John Singer Sargent (Firenze,1856 – Londra,1925) - Bambini napoletani al bagno (1879)

 

In mano a "e criature"

di Peppino Perrotta

 

Il futuro non esiste perché deve ancora venir fuori, talvolta imprevedibilmente, da una miriade di bivi nei quali si incrociano molteplici volontà, istinti ed anche fenomeni naturali; insomma c’entra parecchio il caso. Se questo è vero non ce la possiamo prendere con nessuno se dal primo di giugno il ministro dell’interno della Repubblica Italiana si chiama Matteo Salvini, la cui prima dichiarazione ufficiale è stata che è finita la pacchia per gli immigrati irregolari.
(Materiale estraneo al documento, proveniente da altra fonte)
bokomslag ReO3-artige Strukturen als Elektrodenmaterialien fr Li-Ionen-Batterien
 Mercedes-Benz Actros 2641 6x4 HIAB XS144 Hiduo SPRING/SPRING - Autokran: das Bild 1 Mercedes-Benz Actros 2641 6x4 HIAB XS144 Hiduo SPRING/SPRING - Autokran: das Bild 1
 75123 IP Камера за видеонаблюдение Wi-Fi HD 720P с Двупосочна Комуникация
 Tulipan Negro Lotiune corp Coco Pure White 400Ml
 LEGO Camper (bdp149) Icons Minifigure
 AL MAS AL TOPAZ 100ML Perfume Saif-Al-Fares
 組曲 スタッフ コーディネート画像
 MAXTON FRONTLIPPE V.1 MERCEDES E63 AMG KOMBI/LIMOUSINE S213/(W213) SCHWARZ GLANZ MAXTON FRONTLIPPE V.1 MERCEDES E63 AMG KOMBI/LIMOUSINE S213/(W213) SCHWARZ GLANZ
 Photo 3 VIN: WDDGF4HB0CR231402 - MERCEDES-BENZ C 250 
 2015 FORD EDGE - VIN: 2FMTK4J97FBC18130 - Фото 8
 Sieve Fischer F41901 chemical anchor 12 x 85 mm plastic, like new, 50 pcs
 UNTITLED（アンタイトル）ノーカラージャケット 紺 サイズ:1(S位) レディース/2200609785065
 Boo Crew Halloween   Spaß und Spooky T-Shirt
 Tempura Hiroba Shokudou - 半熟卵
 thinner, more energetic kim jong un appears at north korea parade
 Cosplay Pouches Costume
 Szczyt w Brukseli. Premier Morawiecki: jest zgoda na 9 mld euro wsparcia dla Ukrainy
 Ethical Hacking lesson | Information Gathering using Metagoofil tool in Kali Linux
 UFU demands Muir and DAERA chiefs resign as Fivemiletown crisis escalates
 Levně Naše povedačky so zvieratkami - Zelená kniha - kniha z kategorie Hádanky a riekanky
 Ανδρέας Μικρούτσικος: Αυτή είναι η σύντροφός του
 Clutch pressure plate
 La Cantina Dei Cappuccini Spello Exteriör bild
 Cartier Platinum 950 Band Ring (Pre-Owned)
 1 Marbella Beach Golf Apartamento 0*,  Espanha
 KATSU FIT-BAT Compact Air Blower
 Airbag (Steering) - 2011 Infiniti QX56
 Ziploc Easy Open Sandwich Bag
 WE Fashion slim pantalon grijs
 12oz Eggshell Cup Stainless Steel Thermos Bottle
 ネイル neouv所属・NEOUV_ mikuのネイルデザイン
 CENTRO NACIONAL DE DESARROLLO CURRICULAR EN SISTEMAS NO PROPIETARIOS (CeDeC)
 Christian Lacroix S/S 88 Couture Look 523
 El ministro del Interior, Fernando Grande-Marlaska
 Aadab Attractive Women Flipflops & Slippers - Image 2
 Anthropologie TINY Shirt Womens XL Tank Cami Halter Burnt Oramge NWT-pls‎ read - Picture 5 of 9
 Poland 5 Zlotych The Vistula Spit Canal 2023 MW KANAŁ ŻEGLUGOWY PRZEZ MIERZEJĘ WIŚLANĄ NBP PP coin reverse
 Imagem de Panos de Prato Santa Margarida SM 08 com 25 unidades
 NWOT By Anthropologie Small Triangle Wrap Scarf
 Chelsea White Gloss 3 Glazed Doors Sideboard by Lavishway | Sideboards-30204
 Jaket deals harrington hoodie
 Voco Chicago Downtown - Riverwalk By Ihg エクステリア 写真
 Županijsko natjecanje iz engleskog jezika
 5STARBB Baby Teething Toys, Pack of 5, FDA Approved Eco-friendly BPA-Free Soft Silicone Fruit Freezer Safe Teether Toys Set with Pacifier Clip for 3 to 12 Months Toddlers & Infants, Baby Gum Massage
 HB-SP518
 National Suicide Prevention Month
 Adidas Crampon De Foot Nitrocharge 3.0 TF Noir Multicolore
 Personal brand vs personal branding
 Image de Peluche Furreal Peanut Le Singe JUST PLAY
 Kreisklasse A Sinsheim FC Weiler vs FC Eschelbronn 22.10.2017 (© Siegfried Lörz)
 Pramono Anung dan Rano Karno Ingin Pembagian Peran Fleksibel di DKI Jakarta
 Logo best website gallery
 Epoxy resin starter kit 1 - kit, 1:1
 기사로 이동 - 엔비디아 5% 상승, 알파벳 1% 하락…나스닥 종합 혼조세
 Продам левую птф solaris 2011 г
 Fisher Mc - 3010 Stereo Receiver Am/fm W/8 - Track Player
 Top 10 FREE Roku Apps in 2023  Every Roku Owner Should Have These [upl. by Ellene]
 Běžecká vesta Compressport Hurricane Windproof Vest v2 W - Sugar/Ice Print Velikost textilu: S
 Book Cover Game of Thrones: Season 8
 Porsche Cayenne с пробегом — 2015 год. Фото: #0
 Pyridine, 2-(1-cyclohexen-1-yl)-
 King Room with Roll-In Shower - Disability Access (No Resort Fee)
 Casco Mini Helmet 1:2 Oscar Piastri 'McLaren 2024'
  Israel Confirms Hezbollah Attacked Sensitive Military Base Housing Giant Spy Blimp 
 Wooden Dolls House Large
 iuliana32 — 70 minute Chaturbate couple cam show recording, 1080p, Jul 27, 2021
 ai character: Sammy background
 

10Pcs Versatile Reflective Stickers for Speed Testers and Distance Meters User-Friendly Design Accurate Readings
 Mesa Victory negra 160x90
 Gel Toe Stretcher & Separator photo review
Mattarella è una bravissima persona, nato per fare il notaio. Il notaio è, per definizione, il custode delle procedure; deve fare le visure, accertarsi della identità delle persone che gli compaiono davanti, verificare con pignoleria che non si infranga la legge. Non deve fare altro al punto che se durante una compravendita i due contraenti hanno ancora da discutere sul prezzo o su quant’altro, li fa accomodare in anticamera o lascia loro temporaneamente lo studio perché vuole sottolineare che la cosa non lo riguarda. Nella sostanza il notaio è la burocrazia fatta persona.

Peccato che la presidenza della repubblica sia a tutti gli effetti un organo politico oltre che burocratico. Viene il sospetto che proprio per queste sue caratteristiche Mattarella sia stato scelto da Renzi che nella sua bulimia di potere e certo di poter comandare in Italia per tutto il settennato, non voleva avere a che fare con un altro Cossiga o con un altro Napolitano.

Ormai è andata così. Giunto a quel bivio, il futuro, spinto da quel furbissimo quanto antipatico e dannoso bullo toscano ha preso quella via.

Immaginiamo ora cosa sarebbe potuto succedere se nell’incontro fra la volontà di Renzi e quella di Berlusconi fosse prevalsa quest’ultima ed alla prima carica dello stato fosse stato eletto qualcuno, magari meno cristallino di Mattarella, ma politico di razza. Per esempio Amato.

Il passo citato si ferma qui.